Supplied data START

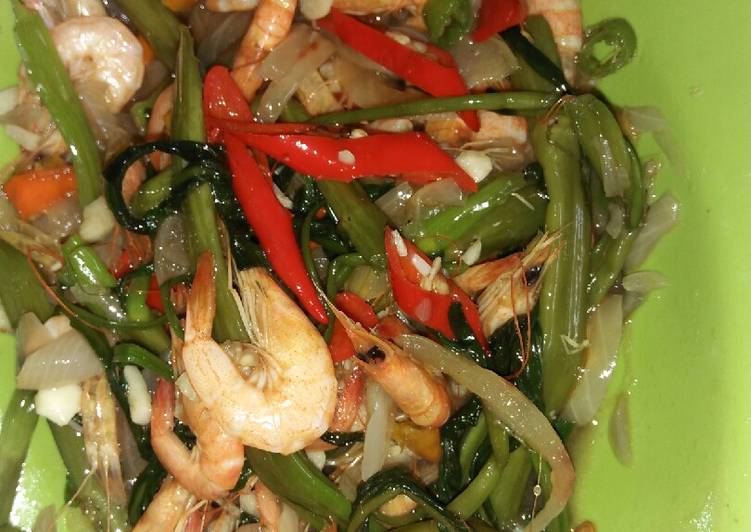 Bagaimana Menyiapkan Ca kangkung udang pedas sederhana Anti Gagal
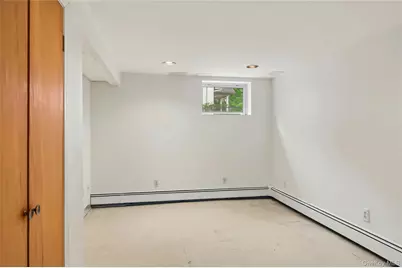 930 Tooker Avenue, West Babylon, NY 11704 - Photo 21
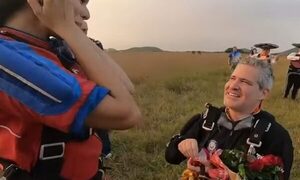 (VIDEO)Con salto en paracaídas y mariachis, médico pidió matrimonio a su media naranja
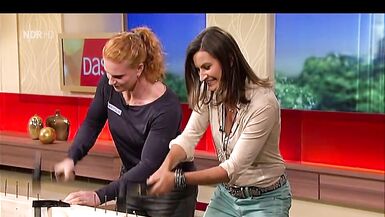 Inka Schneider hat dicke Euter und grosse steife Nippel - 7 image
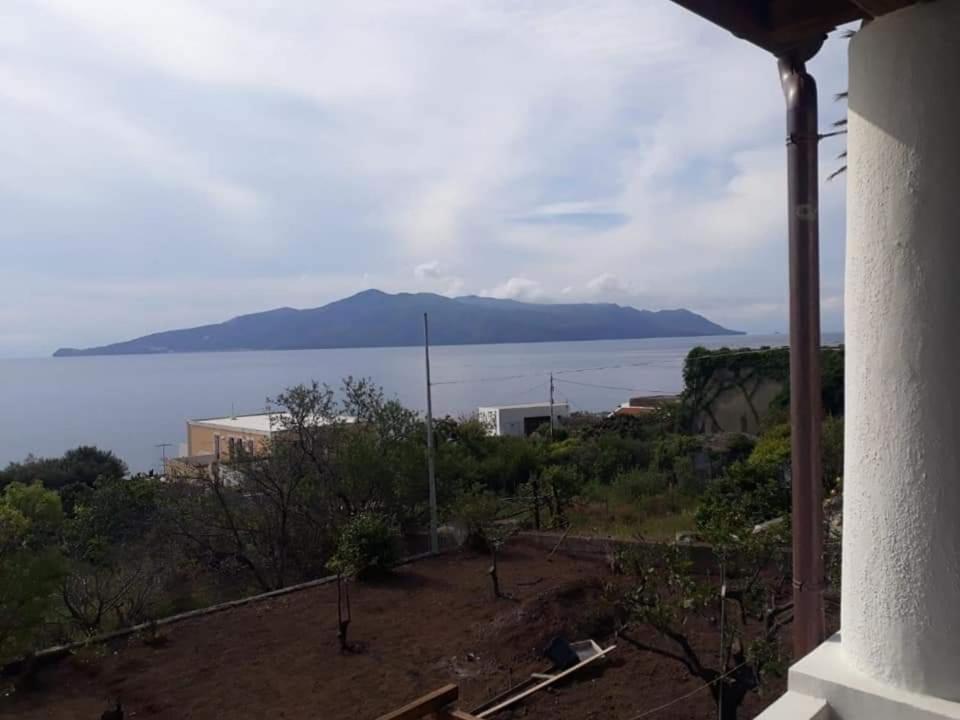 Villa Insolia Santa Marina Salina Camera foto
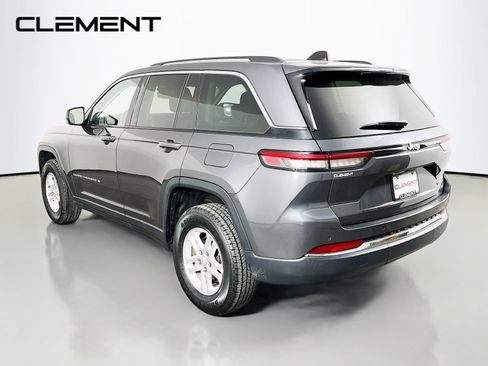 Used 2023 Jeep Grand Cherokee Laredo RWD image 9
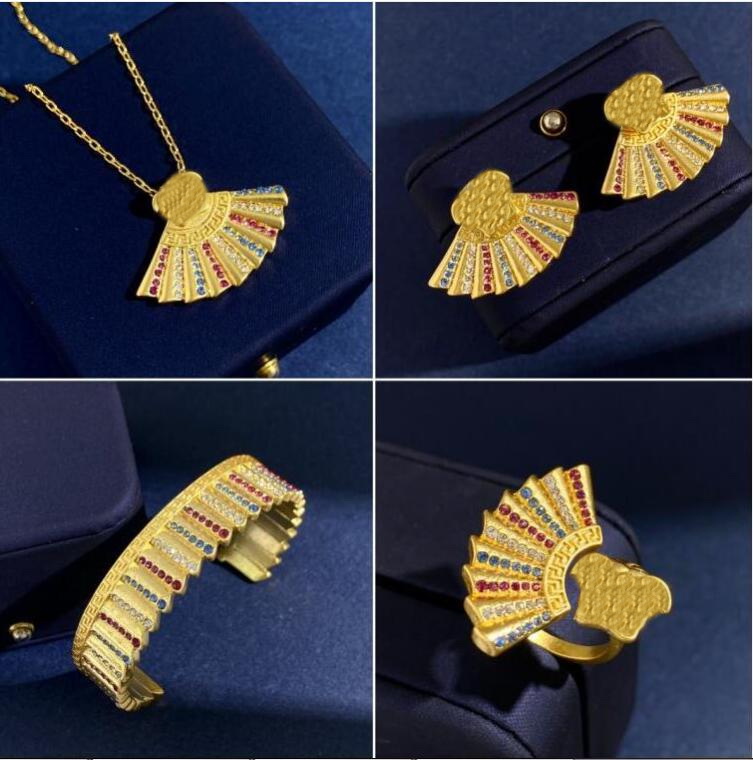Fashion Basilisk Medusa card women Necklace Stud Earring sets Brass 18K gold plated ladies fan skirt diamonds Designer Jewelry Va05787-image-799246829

Supplied data END

■ Task description
Only the lines from the one containing "Inka Schneider hat" through the last line of the entries above should be copied, exactly as they are and without the pictures.

■ Solution to this problem
 Inka Schneider hat dicke Euter und grosse steife Nippel - 7 image
 Villa Insolia Santa Marina Salina Camera foto
 Used 2023 Jeep Grand Cherokee Laredo RWD image 9
Fashion Basilisk Medusa card women Necklace Stud Earring sets Brass 18K gold plated ladies fan skirt diamonds Designer Jewelry Va05787-image-799246829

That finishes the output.